1.8.22
THE ENDOPOLYGALACTURONASE GENE FAMILY OF BOTRYTIS CINEREA: ADAPTATION TO ENVIRONMENTAL CONDITIONS

JP WUBBEN1, W MULDER1, A TEN HAVE2, JAL VAN KAN2 and J VISSER1

1Section of Molecular Genetics of Industrial Micro-organisms, Wageningen Agricultural University, Dreijenlaan 2, 6703 HA Wageningen, The Netherlands; 2Section of Phytopathology, Wageningen Agricultural University, Binnenhaven 9, 6709 PD Wageningen, The Netherlands

Background and objectives
The grey mould fungus Botrytis cinerea can infect over 200 different plant species, among which are many economically important crops. B. cinerea is an opportunistic pathogen that can invade damaged or senescent tissue. During infection the fungus secretes a number of cell wall-degrading enzymes including pectinases. Several reports have indicated that these pectinolytic enzymes can play an important role in the infection process by degrading the plant cell wall. We have initiated a molecular genetic approach to study the pectinolytic enzymes of B. cinerea in more detail.

Results and conclusions
We have isolated and characterized six different endopolygalacturonase (endoPG)-encoding genes from B. cinerea.

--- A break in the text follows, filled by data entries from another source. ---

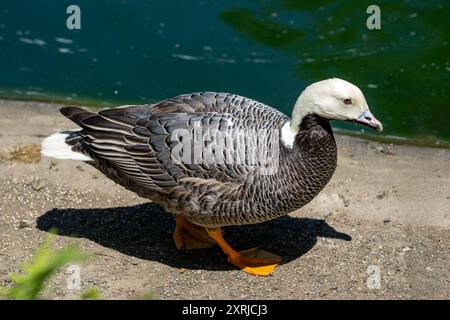 Woodland Park Zoo, Seattle, WA. Empereur Goose Banque D'Images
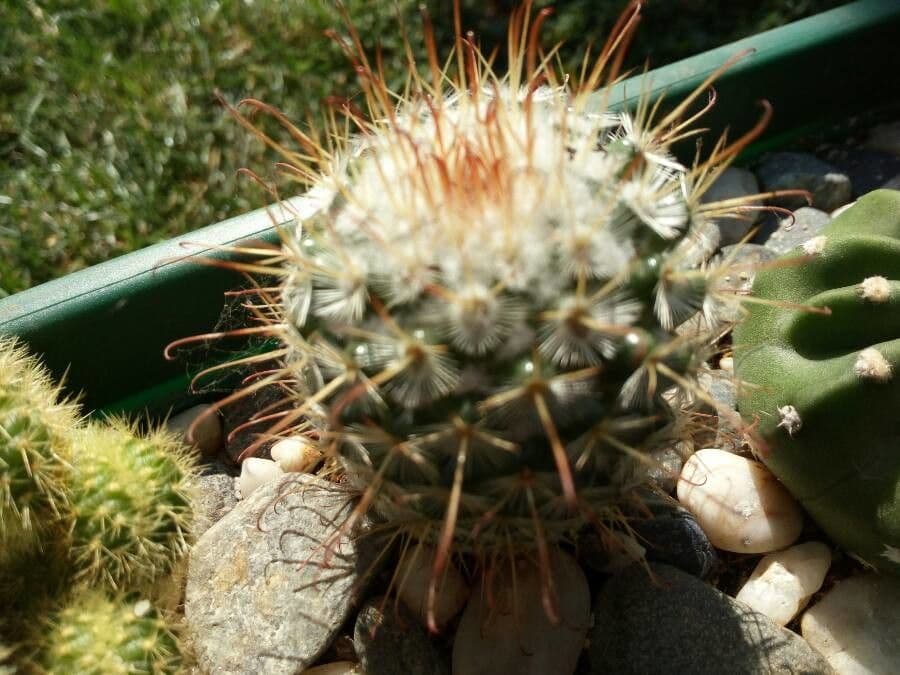 Cactus 9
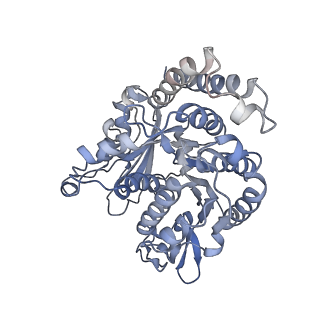 35823_8iyj_JP_v1-0
Cryo-EM structure of the 48-nm repeat doublet microtubule from mouse sperm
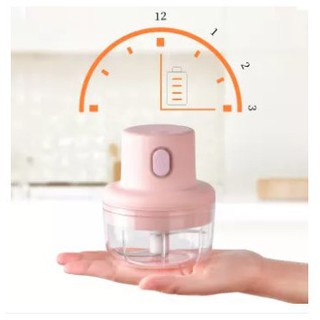 Máy xay tỏi ớt thịt mini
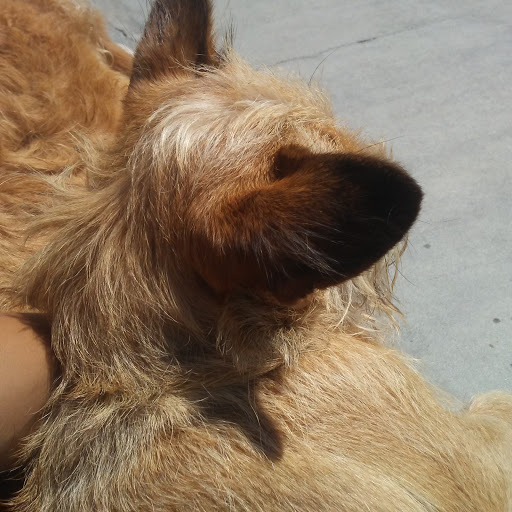 Pet Supply Store «Centinela Feed & Pet Supplies», reviews and photos, 4700 Pacific Coast Hwy, Long Beach, CA 90804, USA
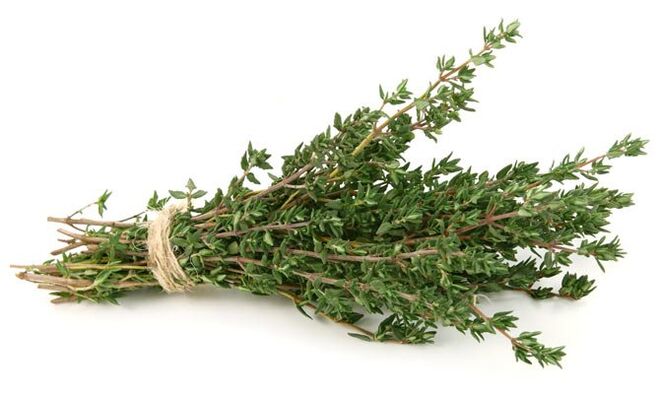 timijan za povečanje penisa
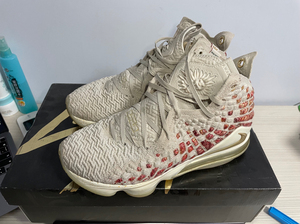 穿不了了,nike lbj 17 詹姆斯篮球鞋17代 狮子头
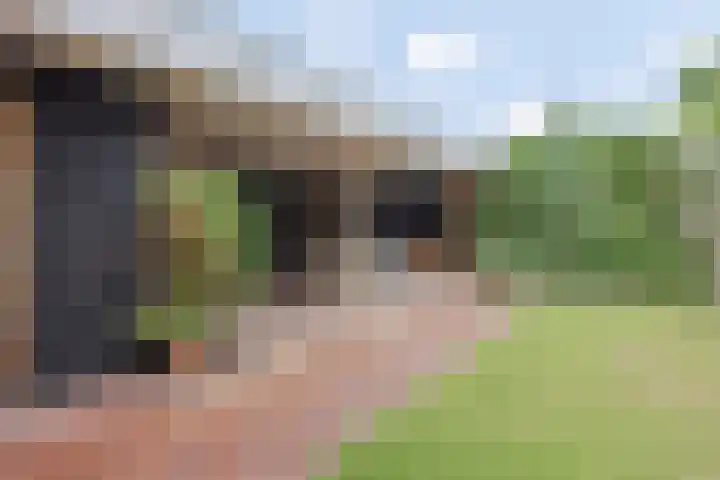 Op den Dries 22 Blitterswijck thumbnail 48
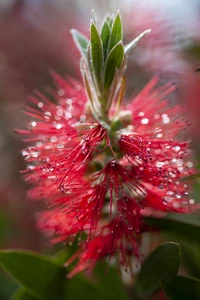 CALLISTEMON rugulosus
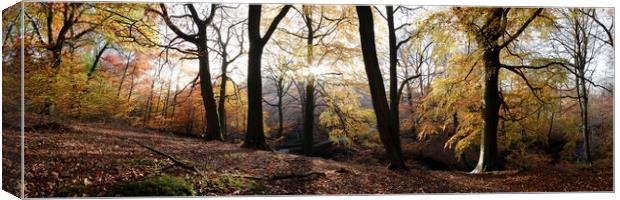 Autumn Forest in the Peak District Canvas Print by Sonny Ryse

The deduced amino acid sequences display different degrees of identity towards fungal endoPGs, including those produced by other plant pathogenic fungi. In order to study the physiological relevance of the presence of such a large number of endoPG genes in B. cinerea, we have analysed the expression patterns of each of the endoPG genes in liquid cultures under varying conditions. Induction of expression of some of the endoPG genes was observed using pectin-derived carbon sources such as polygalacturonic acid and galacturonic acid. Furthermore, pH of the culture medium influenced the expression levels/patterns of the endoPG genes. These data will be discussed in relation to the physiological relevance of the isozymes during infection. Analyses of the endoPG genes in planta will be described on the poster presented by ten Have et al.

This research is supported by the Dutch Technology Foundation (STW) project WBI 33.3046.